Two cases were examined, 15-16 November 1999 and 2-3 March 2000, both with similar synoptic patterns that yielded different results. In the November 1999 case, a heavy snowfall occurred in the mountains that was not forecast by the operational numerical weather prediction (NWP). Over a foot of snow fell in many mountain locations and only a trace of snow at KBTV, located in the Champlain Valley. Verification of the NWS KBTV warnings for event yielded a Probability of Detection (POD) of 0.67 and a False Alarm Ratio (FAR) of 0.20 and a warning lead time of 10 hours. At that time, some informal efforts were made to identify upper level and surface patterns that led to the heavy snow fall event. For the March 2000 case, Winter Storm Watches and Warnings were issued for the mountainous areas in anticipation of the event. The event did produce snowfall of 1 to as much as 4 inches, but did not reach warning criteria of more than 6 inches in 12 hours. For this event the POD was 0.00 and FAR was 1.00 with no lead time.

These two events were hypothesized to be largely driven by persistent northwesterly lower tropospheric flow of moisture that was largely orthogonal to the mountains resulting in heavy snowfall over the higher terrain. It was evident by the challenge of accurately forecasting these two events, that local research was needed to develop the knowledge and tools necessary to forecast events of this type in the future.

In 2001, NWS KBTV in association with the University at Albany/SUNY (UA) and other NWS offices, through the Collaborative Science, Technology, and Applied Research Program (CSTAR), began research on this local forecasting challenge. This local research effort was undertaken to identify synoptic-scale and mesoscale patterns associated with this phenomena, determine if advances in NWP could predict these events, and provide forecasters at NWS KBTV techniques and tools to assist in the prediction of these events. The results of this research were applied to a heavy mountain snowfall on 13-14 November 2003 in Vermont and northern New York. This event produced over 12 inches of snowfall in the mountain and only a trace of snow in the Champlain Valley. Using a forecast checklist and Advanced Weather Interactive Processing System (AWIPS) procedures developed for upslope snow events, along with high resolution national and local NWP, NWS KBTV was able to successfully forecast the event several days in advance. A Winter Storm outlook was issued more than 2 days (55 hr) in advance to alert the public of the potential for heavy snow in the mountains. A Winter Storm Watch preceded the event by 43 hours. Preliminary verification of the event yielded a POD of 1.00 and a False Alarm Ratio of 0.10, and a warning Lead Time of nearly 19 hours.

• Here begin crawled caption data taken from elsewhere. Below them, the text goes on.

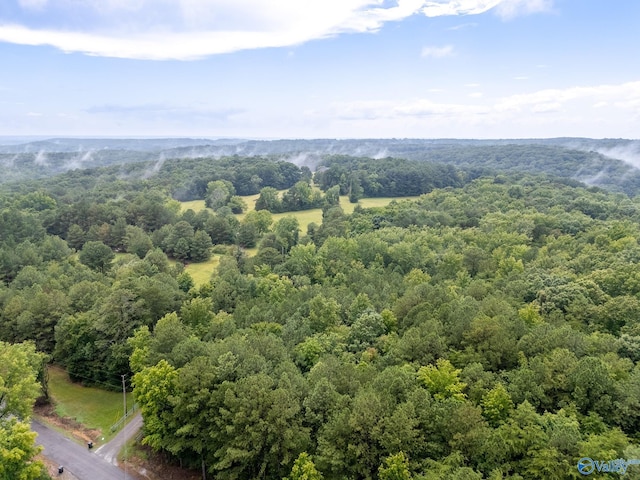 227 Key Turney Rd, Falkville, AL 35622 - birds eye view of property
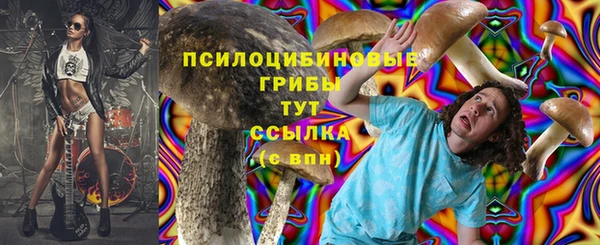 стафф Краснослободск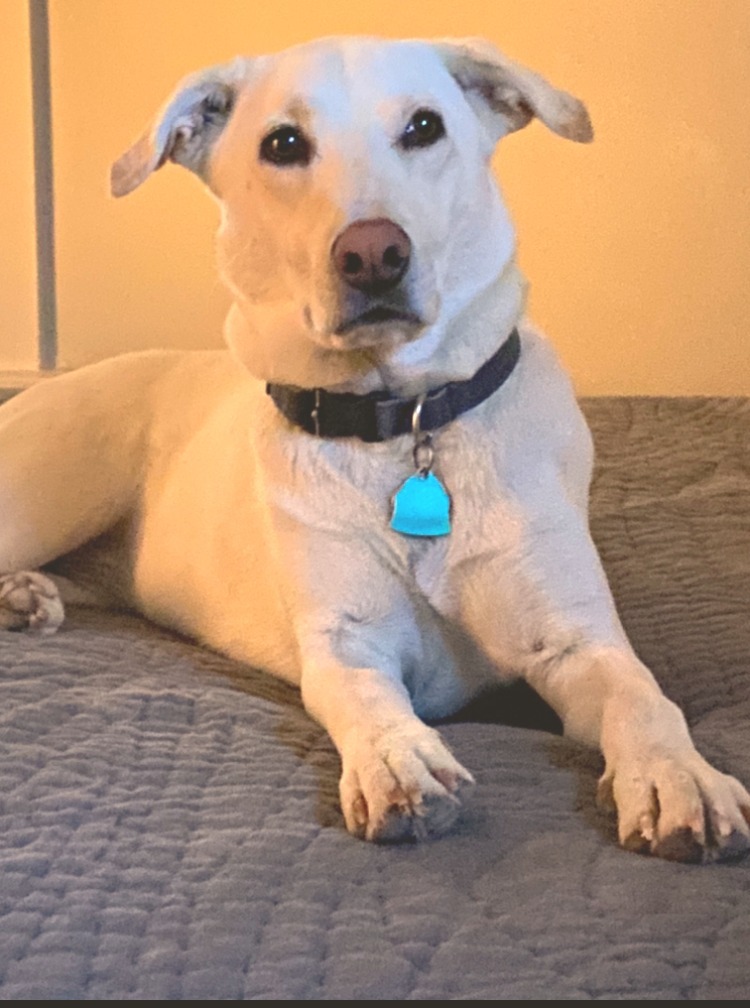 a medium sized white dog sitting on a bed and loocking at the camera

NWS offices performing research in collaboration with Universities can lead to improved predictions of local weather phenomena. Synoptic-scale and mesoscale patterns associated with these phenomena are identified. Advances in local NWP are shown to assist the forecaster in the prediction of these events. Local forecast techniques and tools developed for upslope snow events and used by the NWS KBTV forecasters are illustrated. The transfer of the research results to NWS operational forecasters is also discussed. Warning event statistics for these upslope snow events are shown, since they were useful in measuring the successful transfer of the research and technology to operational weather forecasting.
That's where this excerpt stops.